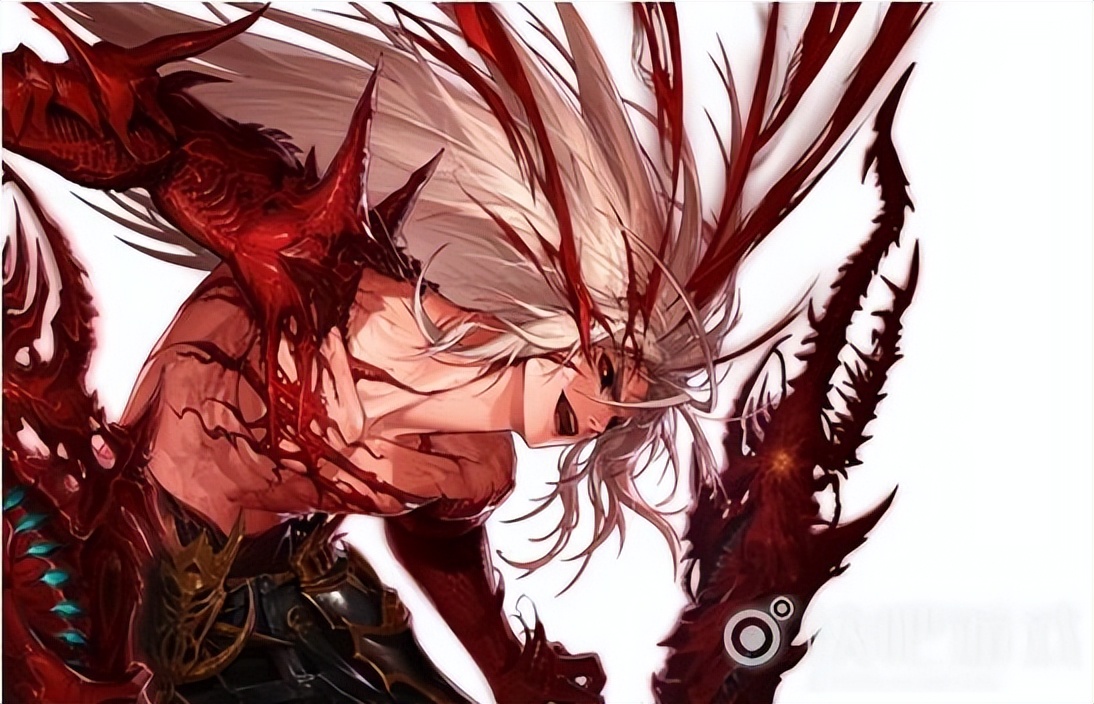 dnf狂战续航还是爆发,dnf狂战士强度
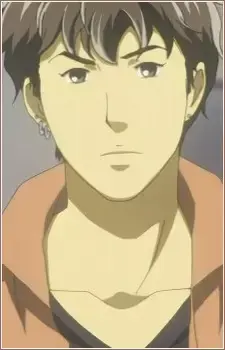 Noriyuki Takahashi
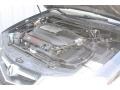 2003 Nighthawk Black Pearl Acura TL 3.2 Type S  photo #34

---

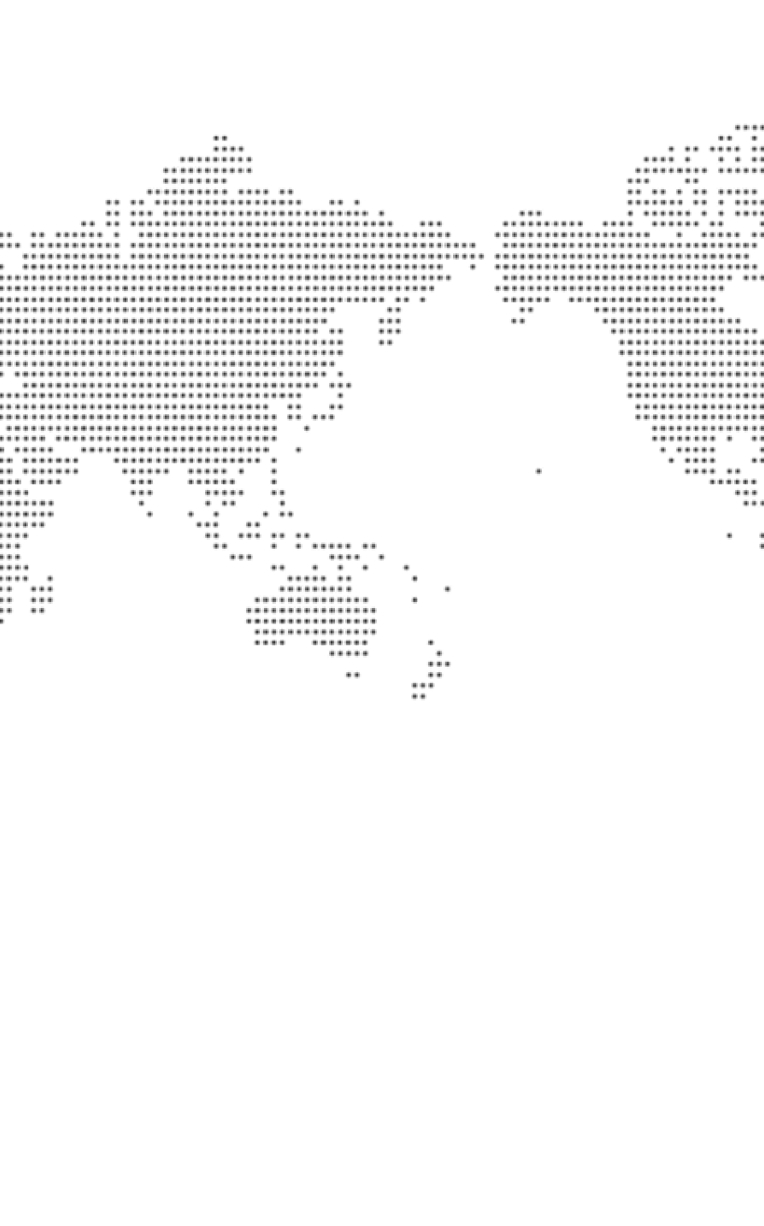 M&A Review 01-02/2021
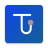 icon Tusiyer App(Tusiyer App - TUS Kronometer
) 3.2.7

---

Problem description
Given the entries above, transcribe exactly the lines from the one holding "dnf狂战续航还是爆发,dnf狂战士强度" through the one holding "2003 Nighthawk Black"; pictures do not belong in the transcription.

Your response
 dnf狂战续航还是爆发,dnf狂战士强度
 Noriyuki Takahashi
 2003 Nighthawk Black Pearl Acura TL 3.2 Type S  photo #34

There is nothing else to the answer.